ESG & Data Mesh: Driving Sustainable Practices
Explore how the convergence of Data Mesh and ESG offers organizations a unique opportunity to drive sustainability and create long-term value.
This article addresses FinOps from a Data Mesh perspective. If you have a desire to monitor and control your cloud spending over a Data Mesh initiative, well this is a good starting point.
Although FinOps is a holistic discipline for cloud cost management, I believe it is worth dividing and conquering a piece at a time to handle such a burden. Let’s bite the Data Mesh chunk first.
I started working on data mesh initiatives in this paradigm's early stages.
At the same time, I’ve also curated cost management as one of the pillars that a data platform must account for.
Modern data architectures often are Cloud-based and most of them are Cloud-native. It’s common to recognise a big lack of automated governance in big enterprises and most of the internal regulation is a mix of guidelines and directives without any real control. IT governance is often fragmented and left to common sense. Basically, IT governance at any level has a great lack of automation and this has as direct consequences missing monitoring and control of resources and spending.
The purpose of this article is to provide guidance for data leaders who want to sort out cost management in a data mesh initiative. This approach can be easily generalised to any kind of data management practice. My focus on data mesh arrives at a moment where this combination is basically unexplored. Generally speaking, Data Management and FinOps are not a very well-understood combination yet. FinOps aims to be a comprehensive financial discipline to manage cloud resources regardless of the specific context. On the one hand, Cloud spending is a single discipline, on the other hand, its amplitude is unmanageable if we don’t split the problem into multiple subproblems to solve.

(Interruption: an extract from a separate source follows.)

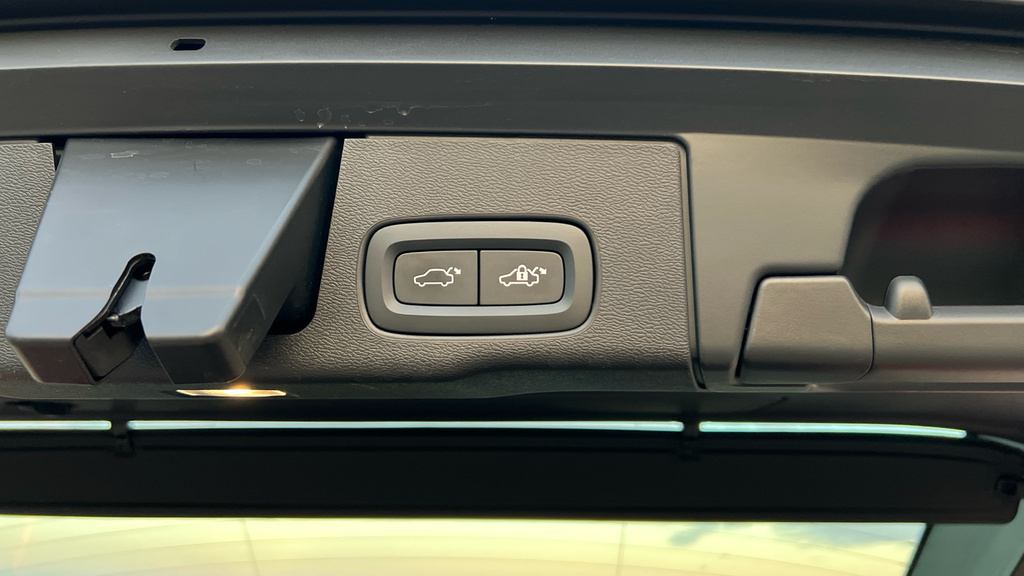 Volvo XC60 Suv Black #44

I want to address FinOps for Data Mesh in this article.
In a Data Mesh implementation, the self-service platform plays a key role in enabling data capabilities for data producers and data consumers to feed the marketplace of valuable data products.
A Data Mesh Platform must provide cross-cutting concern capabilities (Security, Governance, Cost Management, Monitoring, etc.) and could provide shared resources like Kafka, or other resident clusters.

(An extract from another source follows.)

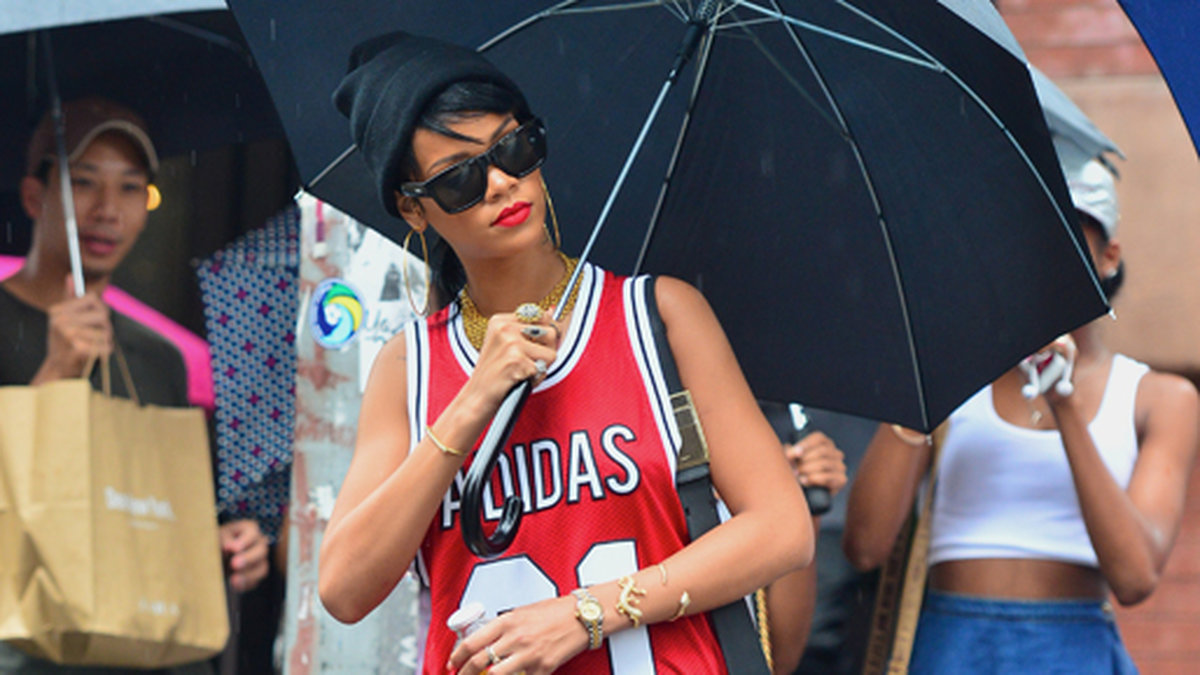 Rihanna köpte en drömlägenhet i New York, och här ser vi henne möta höstrusket i Soho i september 2013.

Data Products could either own resources or borrow shared resources from the platform.
Let’s stay on this high-level description. It is sufficient to discuss our FinOps challenge.
One of the benefits of Data Mesh is the adoption of a formal domain-driven ownership of data products.
It is reasonable to collect metrics at the Data Product, Data Domain and Data Platform levels. This allows Data Owners and Data Domains to determine their own spending and highlight dependencies to determine chargeback policies. The Data Platform team should access to everyone’s costs and provide cost management capabilities for Data Domains and Data Products.
For instance, having monthly cost updates provides feedback on how data have been produced with respect to consumption at the Data Product and Data Domain levels.
I’d start with a Data Product to understand how to decompose costs. But let’s introduce a definition of Data Product we can rely on.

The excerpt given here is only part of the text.